Saturday, February 18, 2012

Ninety-Nine Nights


The Short


Pros
- Lots of hacking and also slashing to be had
- Tons of different characters with unique abilities
- Shows a pretty insane number of units on-screen at once
- You feel kind of badass when you are killing 20 people at once with a massive weapon
- Has a story. I think.

Cons
- Gets boring after about the first five minutes
- Characters are poorly balanced; some are extremely powerful, others are just horrible
- Tons of cheap deaths
- Boss units/fights aren't fun
- Incredible lack of depth
- They attempt to interweave a story between characters. They don't pull it off.

Get ready to kill boatloads of dudes by yourself. 
The Long

Ninety-Nine Nights has drawn comparisons with the Dynasty Warriors series, and for good reason. Both games involve essentially two massive armies clashing into each other, with you playing as a super-powered hero tasked to push the front forward until you win. Apparently there are people who actually like these games, because there's almost as many Dynasty Warriors games as there are Final Fantasy games, with new ones coming out on every platform at a pretty regular clip. Seeing as I hadn't played any Dynasty Warriors games before busting out Ninety-Nine Nights (hereto referred to as N3), I had no idea what I was getting myself into.
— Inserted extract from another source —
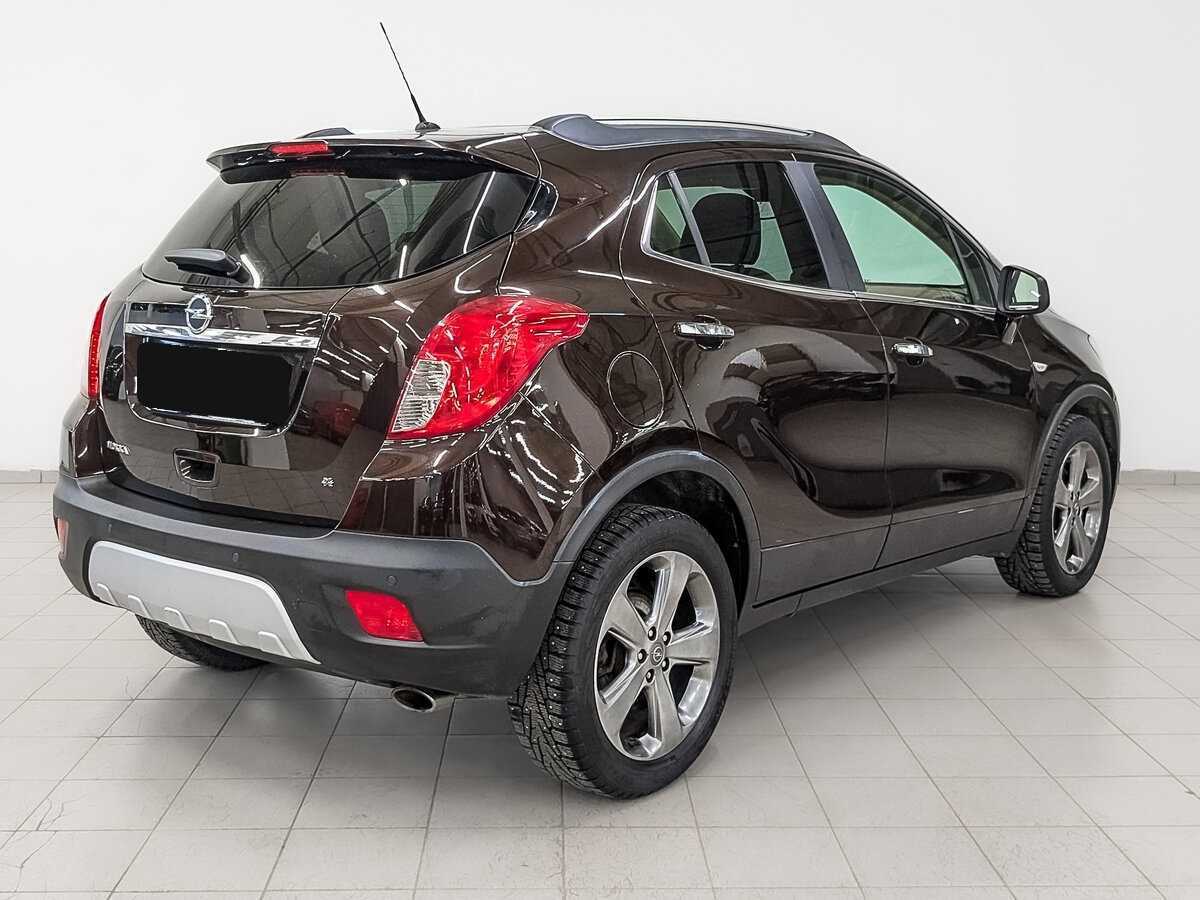 Купить Opel Mokka с пробегом. Фото: #4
What I found was a game that looked cool from the offset, but quickly coasts its way into monotony. 

Armored, winged anime character with gratuitous cleavage? Must be a Japanese game. 

The basic premise of N3 is simple: many armies are clashing, you are a hero/leader/captain/whatever, and you have to make it so they win. So a jillion dudes will go running at each other, and its your job to run out and murder as many of them as possible. The more you murder, the further your troops can advance. You'll capture points and kill some bosses on the maps, and then you'll win. Later, rise, repeat for a dozen or so levels and then you switch characters. Play through every characters' dozen levels and you beat the game. Done.
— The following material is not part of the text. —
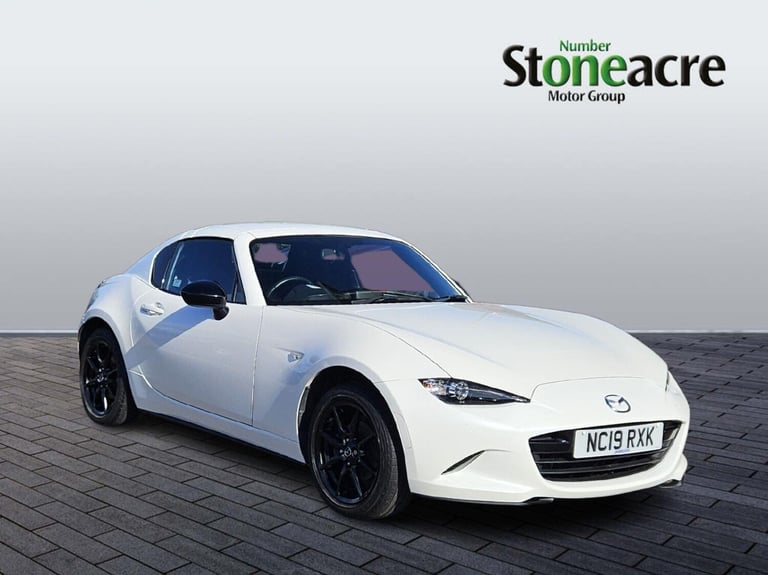 2019 Mazda MX-5 1.5 [132] SE-L Nav+ 2dr CONVERTIBLE PETROL Manual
The repetitiveness in terms of overarching structure is nothing compared to the repetitiveness in actual combat. 

Pre-teen witch showing enough leg to make a hooker blush? Japan. 

It's your regular hack-n-slash, meaning you hit "x" and "y" a lot and people die. There is literally no depth to this combat whatsoever. There is the ability to gather "souls" or something of that sort from enemies that lets you go into a powered-up state, but that's pretty much the only additional ability you have. There are a few combos but none are particularly interesting or necessary (since the hordes of enemies tend to just stand there and die unless they are the bosses), and though each character does have unique attacks and abilities (and upgrades, which are all small and do next to nothing) the monotony of the whole thing is just overwhelming. How do you fail at a hack n' slash games? These games are boring by design, so their target audience is usually more forgiving. This game is just...tedium incarnate. 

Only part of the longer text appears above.